After independence, a systematic effort has been made for the development of Indian Railways under plan periods (Thorner, 1995). Under first Five Year Plan the thrust was given mainly on rehabilitation of assets and indigenous development of railway equipment through the establishment of various production units by railways themselves. In the second FYP, stress was given on the development and modernization of the Railways in order to meet with the heavy demand of agriculture as well as of industrial production and to face the additional traffic likely to be generated. The third FYP laid provisions to keep rail transport capacity ahead of demand. The main thrust of the fourth FYP had been on the demand of freight and passenger traffic. It was majorly finance in the fifth FYP. It focused on development of rapid transit system in metropolitan cities where phenomenal growth of industry and commerce had taken place. Financial viability and cost reduction were also talked about. The sixth FYP was a rehabilitation plan on account of much needed emphasis on renewals and replacements of the Railway assets. The main objectives of seventh FYP were to meet rail transport needs of urban and rural areas and to provide transport infrastructure necessary for the growth of the economy and accessibility to the remotest backward areas. Eighth FYP was formulated to improve the overall capacity of Indian Railways. It is apparent that initially the Government of India or the Indian Railways did not pay any attention to the underlying land. Its primary goal was to make the best use of the asset while continuously expanding its reach. Though there was a transition regarding the main focus of these plans. Starting with the seventh FYP, the idea of considering railways as a resource was seen, and the necessary objectives were set for its development.
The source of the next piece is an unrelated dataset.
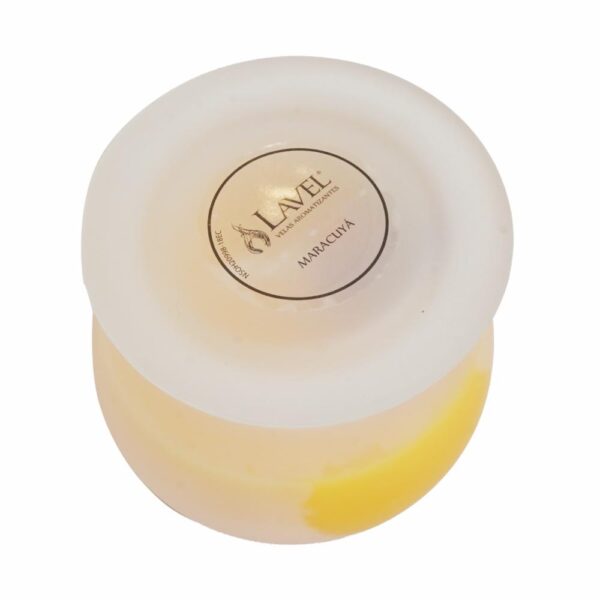 Vela Vaso Bombonera Gj9 Maracuya LAVEL 8,5 X 9,5 CM - Imagen 2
In early 90’s that the problems of urbanization rose and with paucity of Land, most of the vacant land in the cities started getting encroached. There were huge chunks of vacant Railway land that also got encroached. Though it so happens that Railways still hold some of the land that remains vacant till date. Since early 2000’s, the role of this vacant land is being highlighted in various committee meetings and conference proceedings (Satya, 2008). Owing to this, there exists an apex body, Railway Land Development Authority- RLDA, that keeps track of the vacant land and owns the development rights over the concerned land.
Existing Railway Map as of 2010
Currently, Indian Railways owns nearly 4.8 Lakh Ha of land. This is second largest ownership in the country, next to Ministry of Defence. The density is maximum in the northern plains and the southern-peninsular region of the country. Moreover, 10% of the land that it owns lies vacant- which can simply be put to use.
Furthermore, these railways operated under various zones as of now. These zones are 17 in number. These are: 1-Northern, 2-North Eastern, 3-Northeast Frontier, 4-Eastern, 5-South Eastern, 6-South Central, 7-Southern, 8-Central, 9-Western, 10-South Western, 11-North Western, 12-West Central, 13-North Central, 14-South East Central, 15-East Coast, 16-East Central and 17-Konkan Railway.